Summary
reversing trial court's award of personal property to husband because it should have been awarded to the wife based on the parties' oral settlement agreement
Summary of this case from Gigantelli v. GigantelliOpinion
No. 81-8.
October 7, 1981.
Appeal from the Circuit Court, Hillsborough County, Robert W. Rawlins, Jr., J.
Ralph M. Guito, Jr., Tampa, for appellant.
Ted R. Manry, III, of Macfarlane, Ferguson, Allison Kelly, Tampa, for appellee.
Ana S. Alvarez (the wife) appeals portions of the final judgment of dissolution of her marriage to Oscar F. Alvarez (the husband). We affirm in part and reverse in part.
Following the filing of the wife's petition for dissolution, the parties agreed to a property settlement. This agreement was not reduced to writing, but was presented to the trial court by the husband's counsel in the presence of both parties and the wife's counsel.

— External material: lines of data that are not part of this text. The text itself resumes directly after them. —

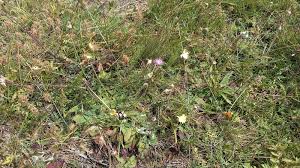 Attēlu rezultāti vaicājumam “Pilosella officinarum”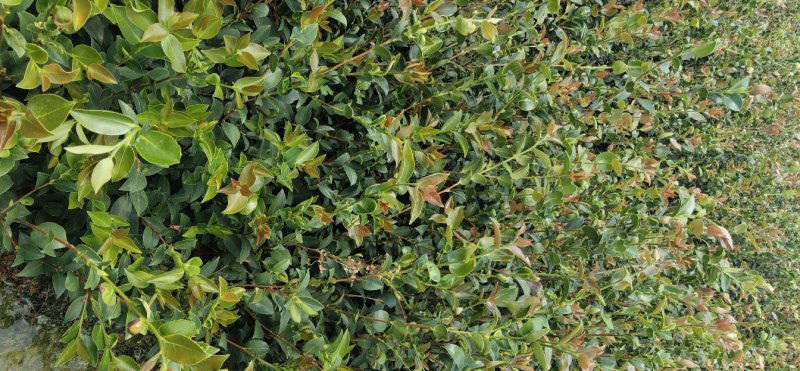 【有好货样品】江西嫁接高产油茶苗营养杯苗20起
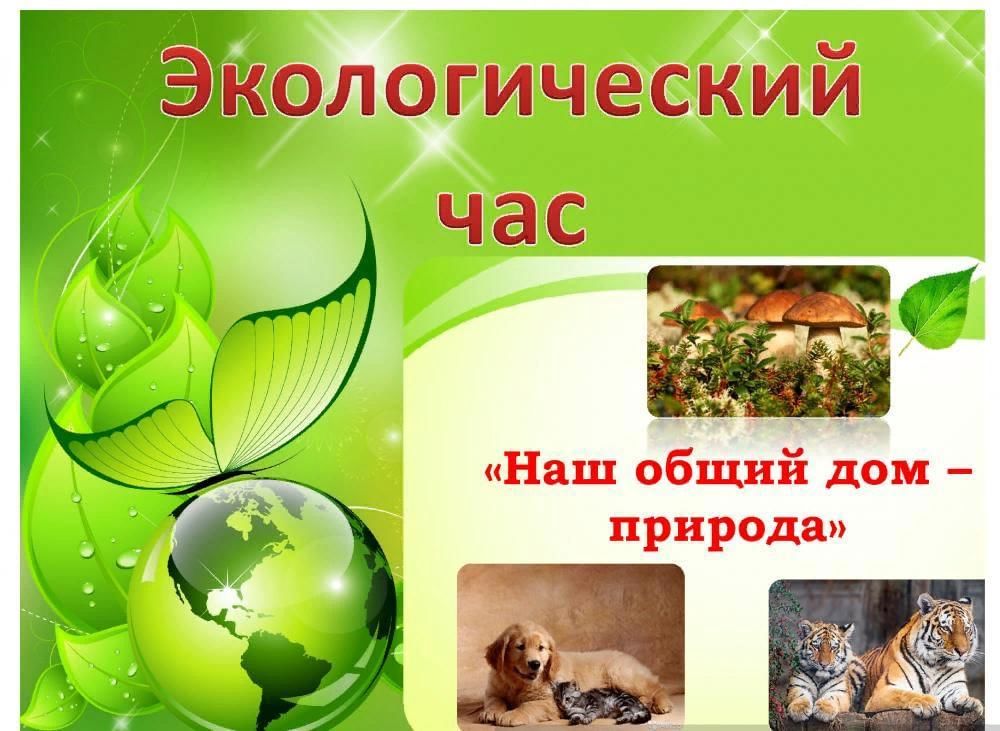 Класс час экология 1 класс презентация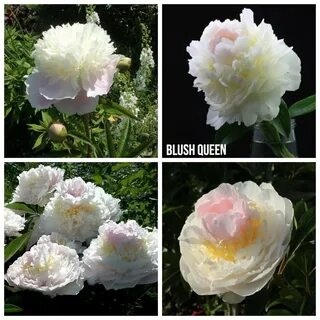 Paeonia blush queen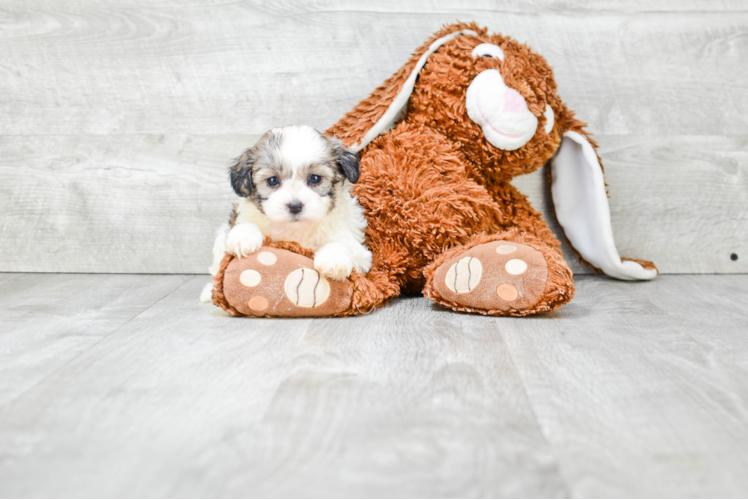 Cute Teddy Bear Baby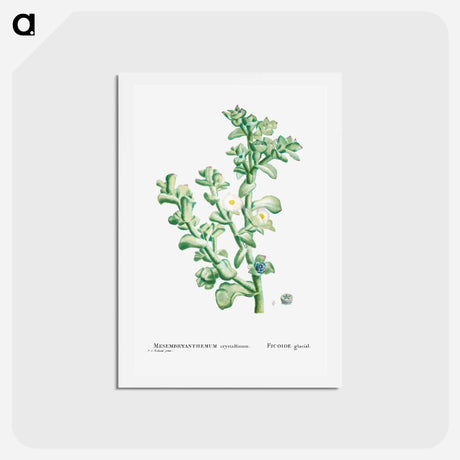 アートポストカード-Mesembryanthemum Crystallinum (Common Iceplant) - ピエール ジョゼフ ルドゥーテ Postcard.
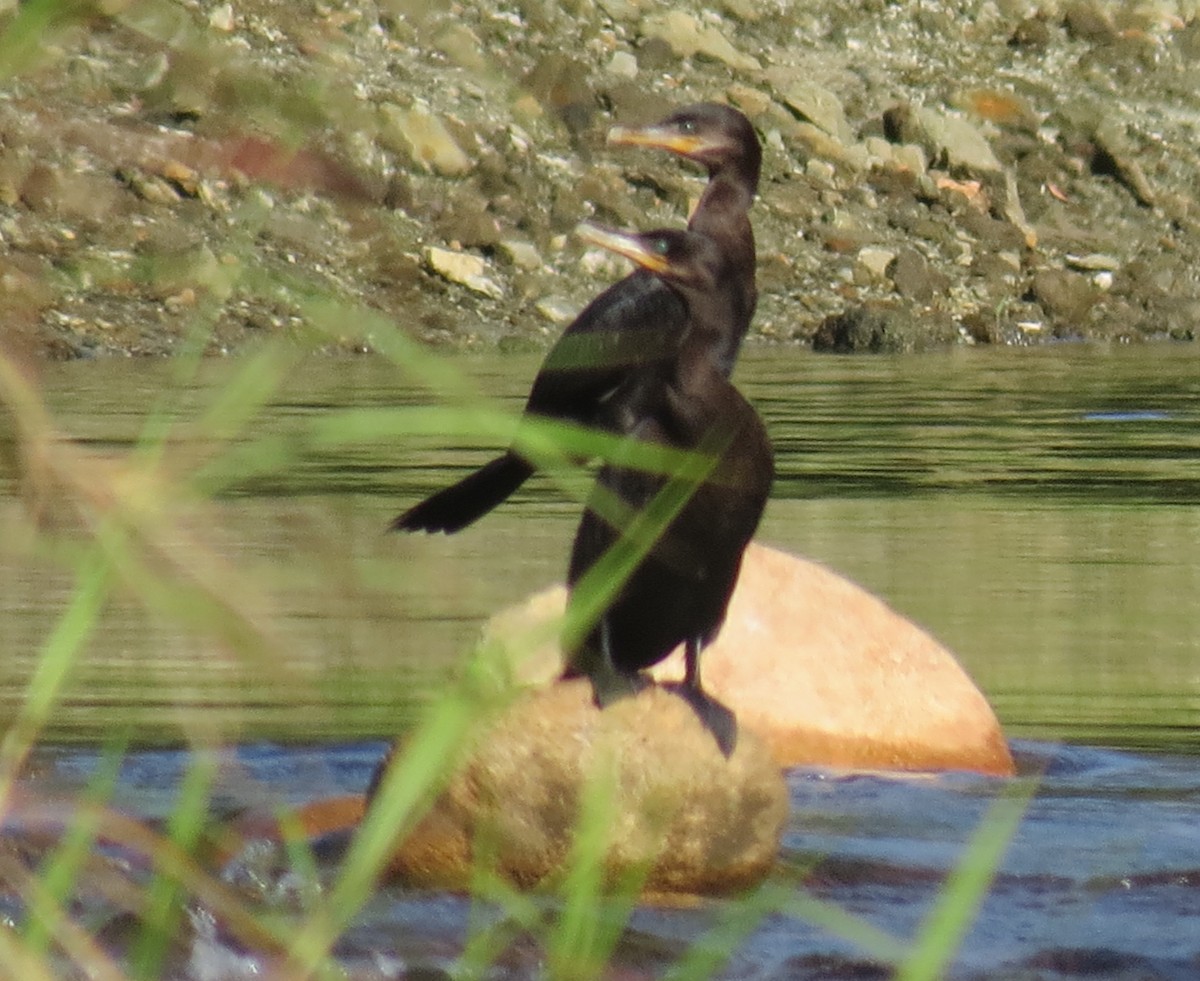 Neotropic Cormorant - ML646151724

As to the personal property, the agreement, as stated by the husband's counsel and uncontradicted by the wife's counsel, was that the wife was to receive "all of the household furniture, furnishings, and equipment contained in the dwelling house on that property. . . ." However, the proposed final judgment which the husband's counsel subsequently submitted to the trial court included a provision that the husband was to receive the stereo and stereo equipment contained in a swimming pool cabana adjacent to the marital home, but on the same property. The wife objected, correctly noting that there had been no mention of the stereo during the presentation and discussion of the property settlement before the trial court and adding that she had never agreed to the husband's receiving the stereo. Subsequent to the hearing, the trial court decided this issue in favor of the husband, awarding him the stereo, for reasons which are not clear in the record. This appeal followed timely.
Only the distribution of personal, not real, property is in issue on this appeal.
There are two possible bases for the trial court's disposition of the stereo, both of which in our view are, however, erroneous. The first, upon which the husband relies, is that the reason this issue was not considered in the verbal settlement agreement was that the building containing the stereo was separate from, but adjoining, the dwelling house itself. This argument is without merit. Among the definitions of the term "dwelling house" contained in Black's Law Dictionary, 596 (4th Ed. 1968) is "the apartment or building, or group of buildings, occupied by a family as a place of residence." The definition is expanded upon as follows: "`Dwelling house' is a very flexible term. Its meaning depends not only on context, but on the determination of the courts not to permit public policy or justice to be defeated by a word. `Dwelling house' often means any building within the curtilage." Id.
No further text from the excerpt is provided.